The fusion of redundant SEVA measurements

The self-validating (SEVA) sensor carries out an internal quality assessment, and generates, for each measurement, standard metrics for its quality, including online uncertainty. This paper discusses consistency checking and data fusion between several SEVA sensors observing the same measurand. Consistency checking is shown to be equivalent to the maximum clique problem, which is NP-hard, but a linear approximation is described. A technique called uncertainty extension is proposed which causes a smooth reduction in the influence of outliers as they become increasingly inconsistent with the majority.

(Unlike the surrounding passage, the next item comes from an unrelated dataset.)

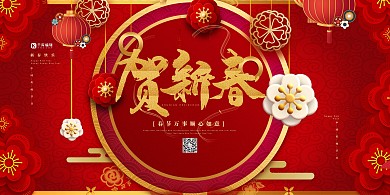 春节花 红色剪纸风喜庆展板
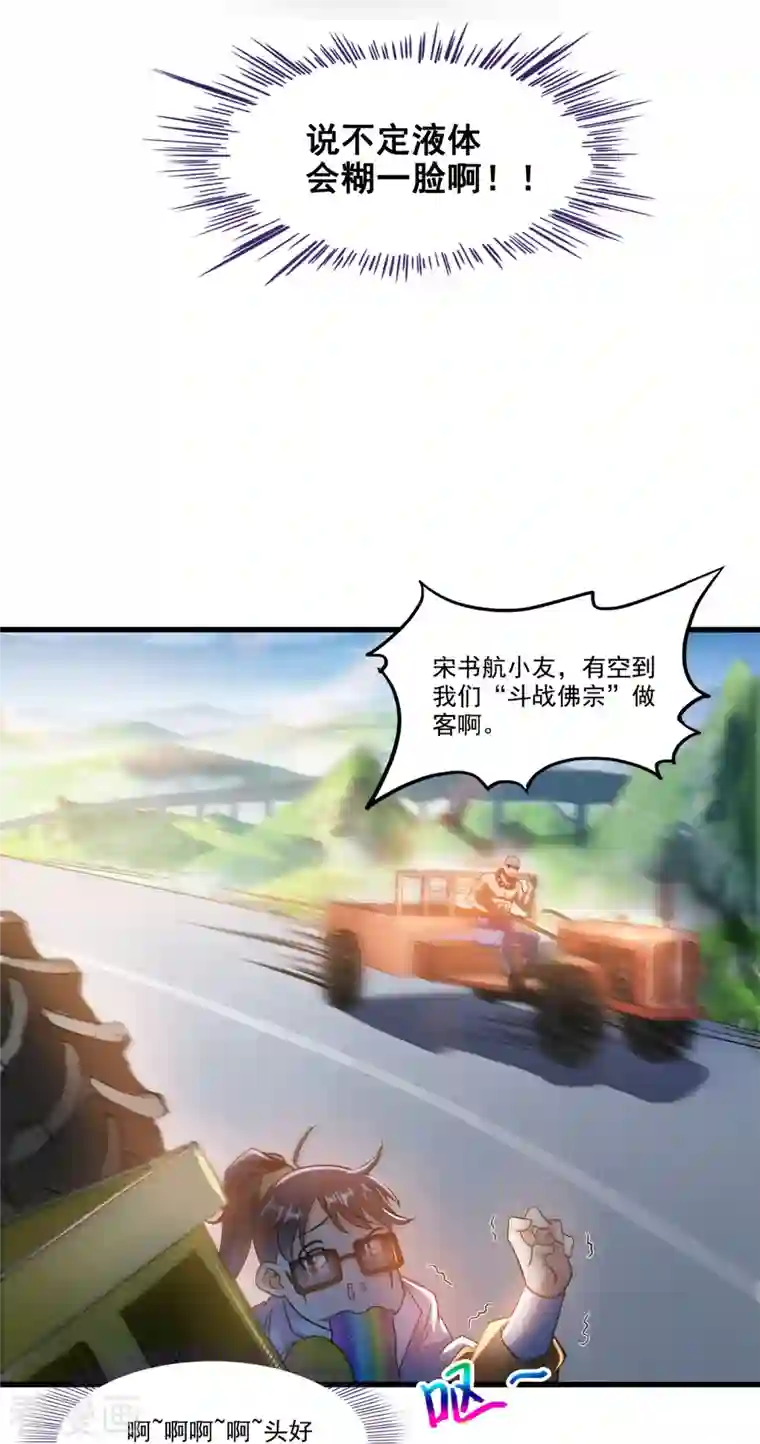 修真聊天群第255话 狂刀三浪的恐惧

Response of a Coriolis mass flow meter to step changes in flow rate

Abstract Trials have taken place to determine the response of a prototype Coriolis mass flowmeter to step changes in flow rate. The meter typically exhibits a delay of 16 ms, and tracks step changes well. Comparison with previously published results suggests that this performance represents an improvement over several types of current commercial flowmeters. The effect of a correction technique to reduce noise is demonstrated. This is considered valuable, even though it is responsible for 6 ms of the overall delay. A good dynamic response is important in process industry applications with short batch times.

The Implications of Digital Communications on Sensor Validation

Abstract Intelligent sensors and Fieldbus standards for their inter-communication are syneigistic technologies that will greatly enhance process control systems of the future. Intelligence in sensors readily supports local sensor validation and Fieldbus enables timely communication using standard metrics and status values. Combined, they overcome some of the problems inherent in fault detection based on data from analogue sensors. The key features of the new Fieldbus standard of relevance to sensor validation are described. Suitable validation metrics and status parameters are introduced and proposed for consideration within the Fieldbus standard in the application layer. Finally, a brief description is given of a demonstration system which performs on-line validation of Foxboro’s Coriolis Meter, and which generates the proposed metrics.

Remote condition monitoring for railway point machine

This paper presents the research work carried out at Oxford University on condition monitoring of railway point machines. The developed condition monitoring system includes a variety of sensors for acquiring trackside data related to different parameters. Key events to be logged include time stamping of points operation, opening and closing of case cover associated with a points machine, insertion and removal of a hand-crank, loss of supply current and the passage of a train. The system also has built-in Web functions. This allows a remote operator using Internet Explorer to observe the condition of the point machine at any time, while the acquired data can be downloaded automatically for offline analysis, providing more detailed information on the health condition of the monitored point machine. A short daily condition report message can also be sent to relevant staff via email. Finally, experience is reported on the four trackside installed systems.